Minimal mutual information for the Binary Symmetric Channel

information theory

I am working on the following exercise:

Let $X, Y$ be RVs with values in $\mathcal{X} = \mathcal{Y} = \{0, 1\}$ and let $p_X(0) = p$ and $p_X(1) = 1−p$. Let $\mathcal{C} = (X , P, Y)$ be the channel with input RV $X$, output RV $Y$ and transition matrix

$$P = \begin{bmatrix} q &1-q\\ 1-q &q \end{bmatrix}.$$

  1. Compute $I(X, Y )$.
  2. For which values of $q$ is $I(X; Y)$ minimal?

For 1. we note that

$$I(X;Y) = H(Y) – H(Y \mid X) = H(Y) – H(q,1-q).$$

I do not see how to do 2. however, could you help me?

Best Answer

I'm assuming you meant to say $\mathcal{X} = \mathcal{Y} = \{0,1\}$. If $Y=X$, i.e. the two random variables are equal, $I(X;Y)$ is fixed and $P$ is meaningless.

Your expansion doesn't really help because both $H(Y)$ and $H(Y|X)$ depend on $q$. Instead, let's look at $I(X;Y) = H(X) - H(X|Y)$ by the symmetry of mutual information. $H(X)$ is fixed for a fixed $p$, so we only need to maximize $H(X|Y)$ through $q$ to minimize $I(X;Y)$.

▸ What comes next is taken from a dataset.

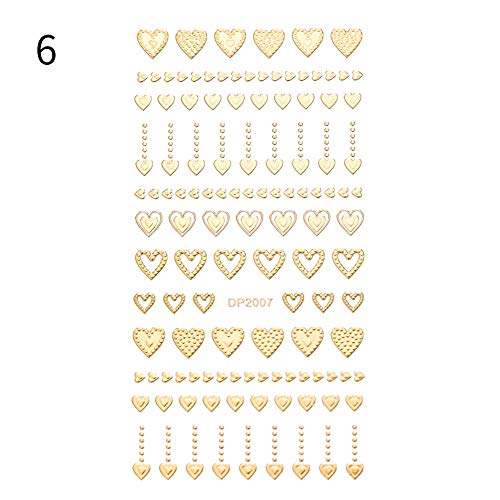 Bornbeauty Gold 3D Nail Sticker Lines Multi-Size Stripes Geometric Heart Nail Art Adhesive Transfer Stickers (1) #TOP5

If $q = 0.5$, observing $Y$ doesn't give any information about $X$, so our best guess is equivalent to flipping a $p$-biased coin, using the outcome as our guess and just ignoring $Y$. So, for $q=0.5$, $H(X|Y) = H(X)$, which is the maximum because conditioning can't increase entropy. You can plug-in the joint distribution of $X,Y$ to verify this intuitive explanation.